Re: Verifying Identities
Hello, math-a-phobic!
These are pretty straight-forward.
They use the standard identities:
\(\displaystyle \;\;\sin^2\theta\,+\,\cos^2\theta\:=\:1\)
\(\displaystyle \;\;\sec^2\theta\:=\:\tan^2\theta\,+\,1\)
\(\displaystyle \;\;\csc^2\theta\:=\:\cot^2\theta\,+\,1\)
Only #6 requires a certain "trick".
\(\displaystyle 1)\;4\tan^4x\,+\,\tan^2x\,-\,3\;=\;\sec^2x(4\tan^2x\,-\,3)\)
Factor the left side: \(\displaystyle \,(\underbrace{\tan^2x\,+\,1})(4\tan^2x\,-\,3)\)
. . . . . And we have: \(\displaystyle \;\;\;\sec^2x(4\tan^2x\,-\,3)\)
\(\displaystyle 2)\;\csc^4x\,-\,2\csc^2x\,+\,1\;=\;\cot^4x\)
Factor the left side: \(\displaystyle \,(\csc^2x\,-\,1)^2\)
. . . . And we have: \(\displaystyle \;\;\;(\cot^2x)^2\:=\:\cot^4x\)
\(\displaystyle 3)\;\sin x(1\,-\,2\cos^2x\,+\,\cos^4x)\;=\;\sin^5x\)
Factor the left side: \(\displaystyle \,\sin x(\underbrace{1\,-\,\cos^2x})^2\)
. . . . And we have: \(\displaystyle \;\;\;\sin x(\sin^2x)^2 \;= \;\sin x(\sin^4x) \;= \; \sin^5x\)
\(\displaystyle 4)\;\sec^4\theta\,-\,\tan^4\theta \;= \;1\,+\,2\tan^2\theta\)
Factor the left side: \(\displaystyle \,(\underbrace{\sec^2\theta\,-\,\tan^2\theta})(\sec^2\,+\,\tan^2\theta)\)
. . . . And we have: \(\displaystyle \;\;\;\;\;\;\;\;1\,\cdot\,[(\overbrace{1\,+\,\tan^2\theta})\,+\,\tan^2\theta) \;= \;1\,+\,2\tan^2\theta\)
\(\displaystyle 5)\;\csc^4\theta\,-\,\cot^4\theta\;=\;2\csc^2\theta\,-\,1\)
Factor the left side: \(\displaystyle \,(\underbrace{\csc^2\theta - \cot^2\theta})(\csc^2\,+\,\cot^2\theta)\)
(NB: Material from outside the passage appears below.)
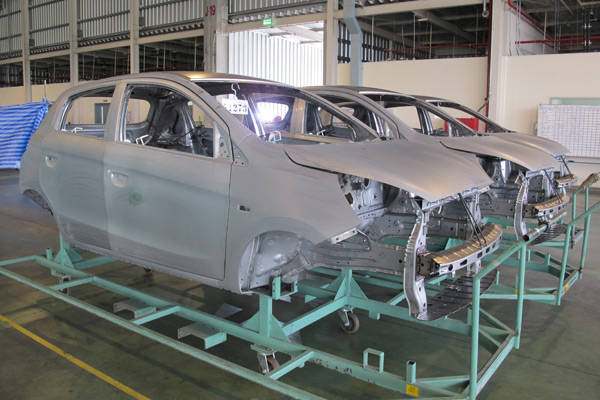 Mitsubishi Mirage factory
. . . . And we have: \(\displaystyle \;\;\;\;\;\;\;1\,\cdot\,[\csc^2\theta\,+\,(\overbrace{\csc^2\theta\,-\,1})] \;= \;2\csc^2\theta\,-\,1\)
\(\displaystyle 6)\L\;\frac{\sin\beta}{1\,-\,\cos\beta} \;= \; \frac{1\,+\,\cos\beta}{\sin\beta}\)
On the left side, multiply top and bottom by \(\displaystyle (1\,+\,\cos\beta):\)
\(\displaystyle \L\;\frac{\sin\beta}{1\,-\,\cos\beta}\,\cdot\,\frac{1\,+\,\cos\beta}{1\,+\,\cos\beta}\;=\;\frac{\sin\beta(1\,+\,\cos\beta)}{1\,-\,\cos^2\beta} \;= \;\frac{\sin\beta(1\,+\,\cos\beta)}{\sin^2\beta} \;= \;\frac{1\,+\,\cos\beta}{\sin\beta}\)
I really appreciate it. Sorry this is such a long topic.